All that is needed is the lines from the one containing "SC license plate AGD602" through the end of the listing, printed exactly, with no pictures among them.

■ Records for the task:
'''

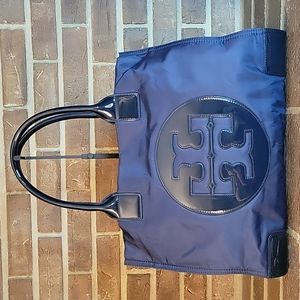 (1213) BEAUTIFUL TORY BURCH Ella Large Tote Navy Blue/Black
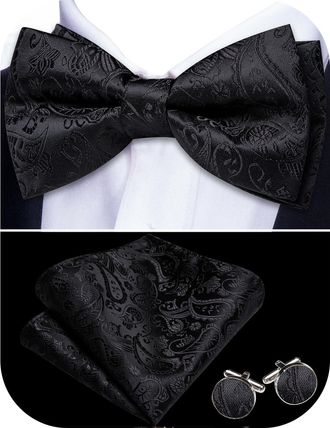 Barry.Wang Mens Black Bow Tie Paisley Silk Pre-Tied Bowtie Pocket Square Cufflinks Set Formal Wedding Prom Party Tuxedo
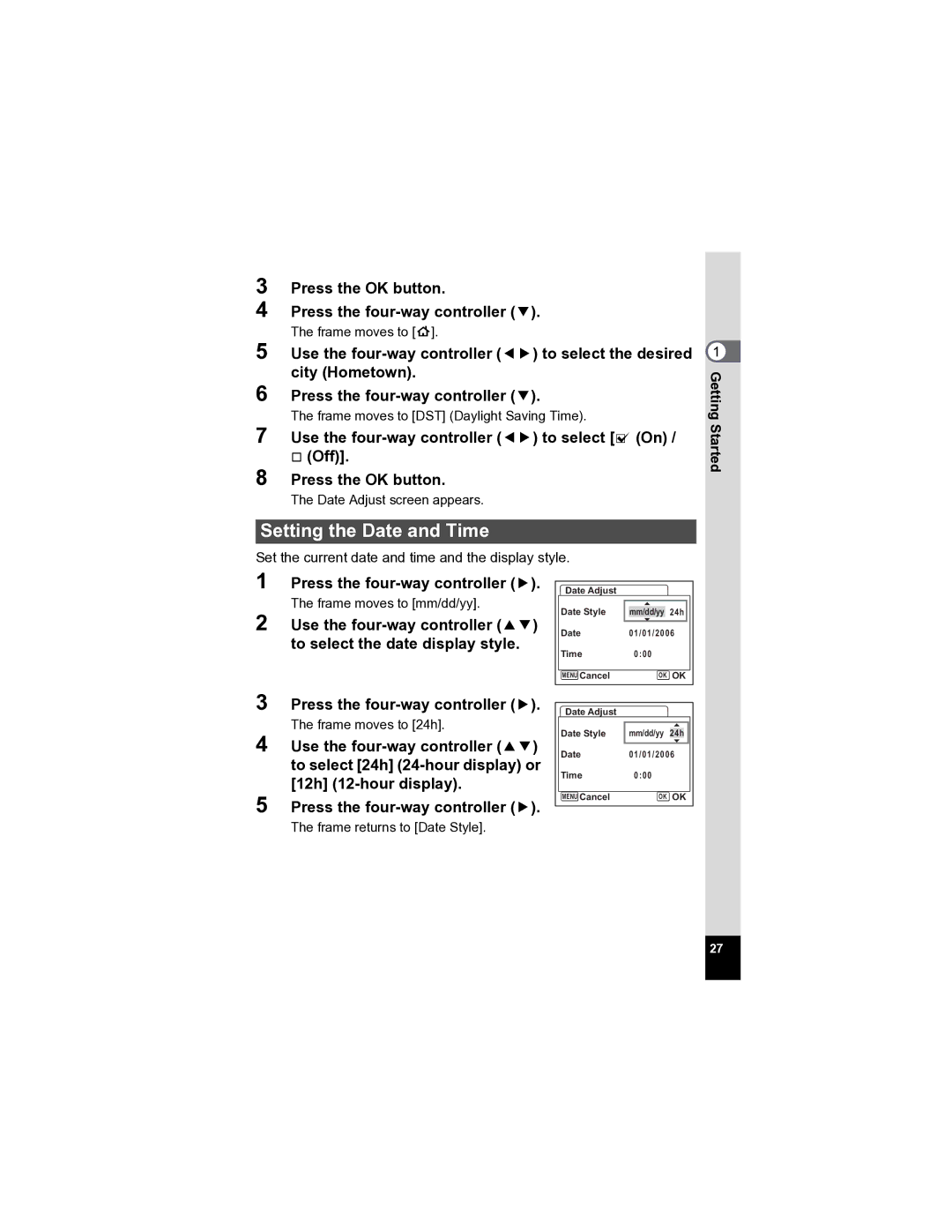 Pentax Optio A20 specifications Setting the Date and Time, Press the OK button Press the four-way controller 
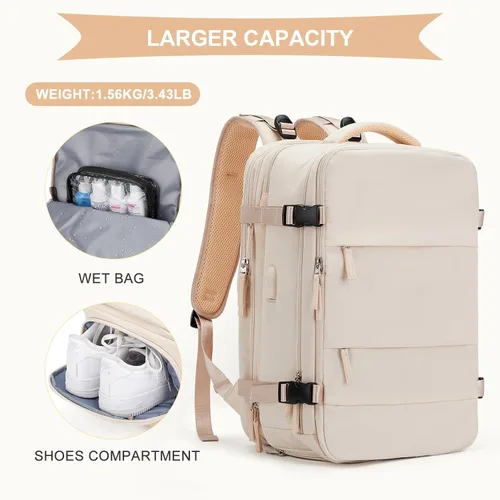 Miniatura 5 de coowoz Mochila grande de viaje para mujeres y hombres, mochila de transporte, mochila para senderismo impermeable para deportes al aire libre, Beige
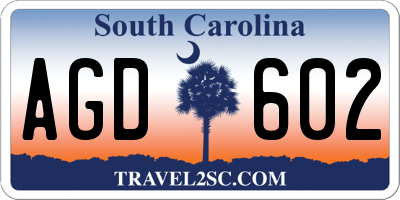SC license plate AGD602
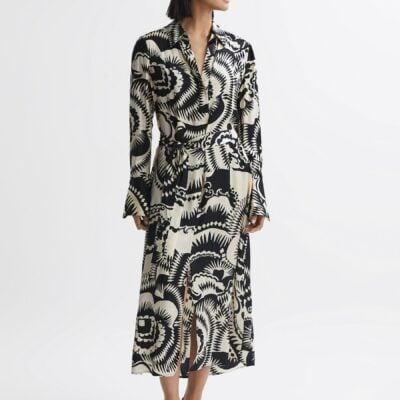 Reiss Black/White Tilly Printed Long Sleeve Midi Dress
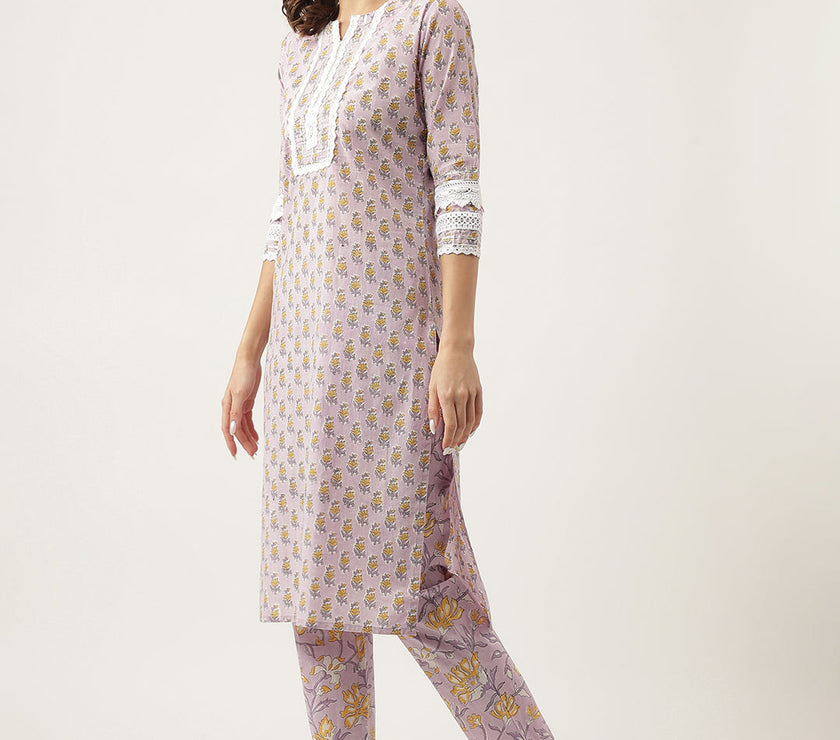 Divena Lavender Hand Block Printed Cotton Kurta, Trouser with Kota Doria Dupatta Set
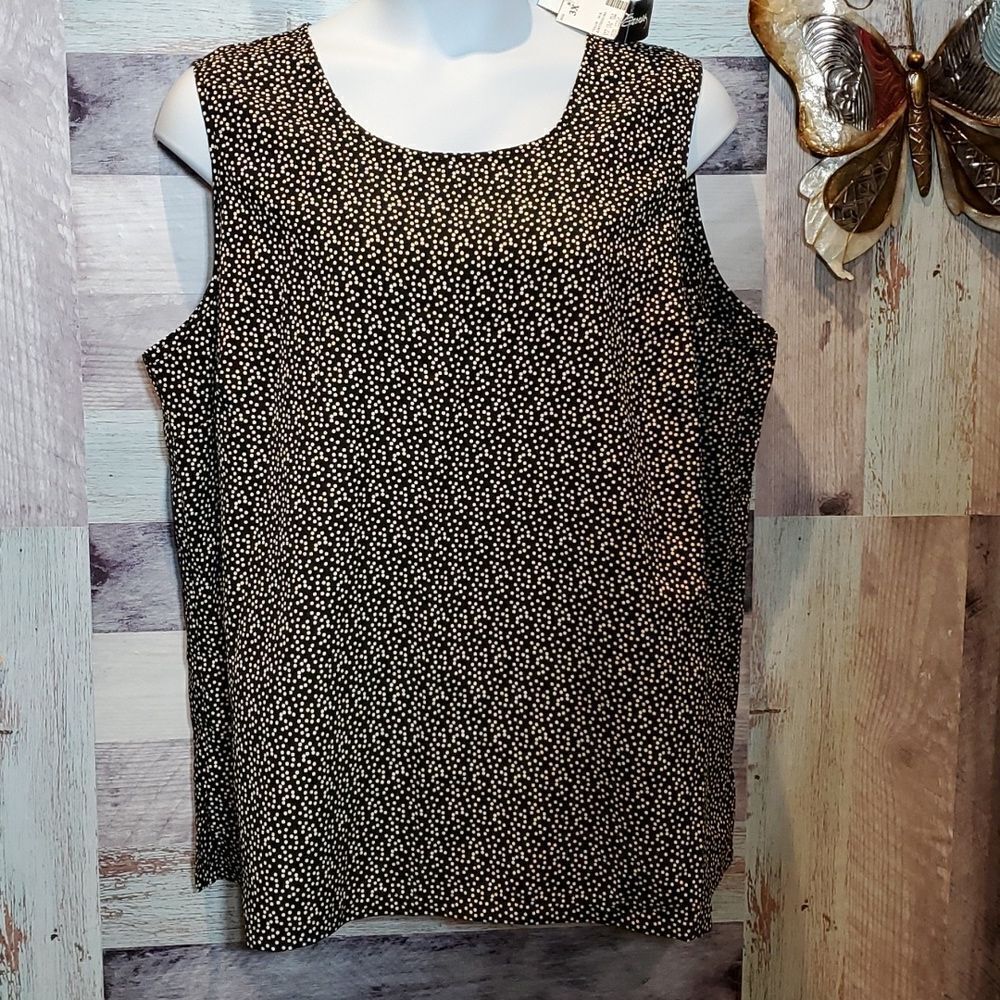 Maggie Barnes Sz 3X 26/28 Black White Polka Dot Sleeveless Shell Top Blouse Tank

'''

■ Task solution:
SC license plate AGD602
 Reiss Black/White Tilly Printed Long Sleeve Midi Dress
 Divena Lavender Hand Block Printed Cotton Kurta, Trouser with Kota Doria Dupatta Set
 Maggie Barnes Sz 3X 26/28 Black White Polka Dot Sleeveless Shell Top Blouse Tank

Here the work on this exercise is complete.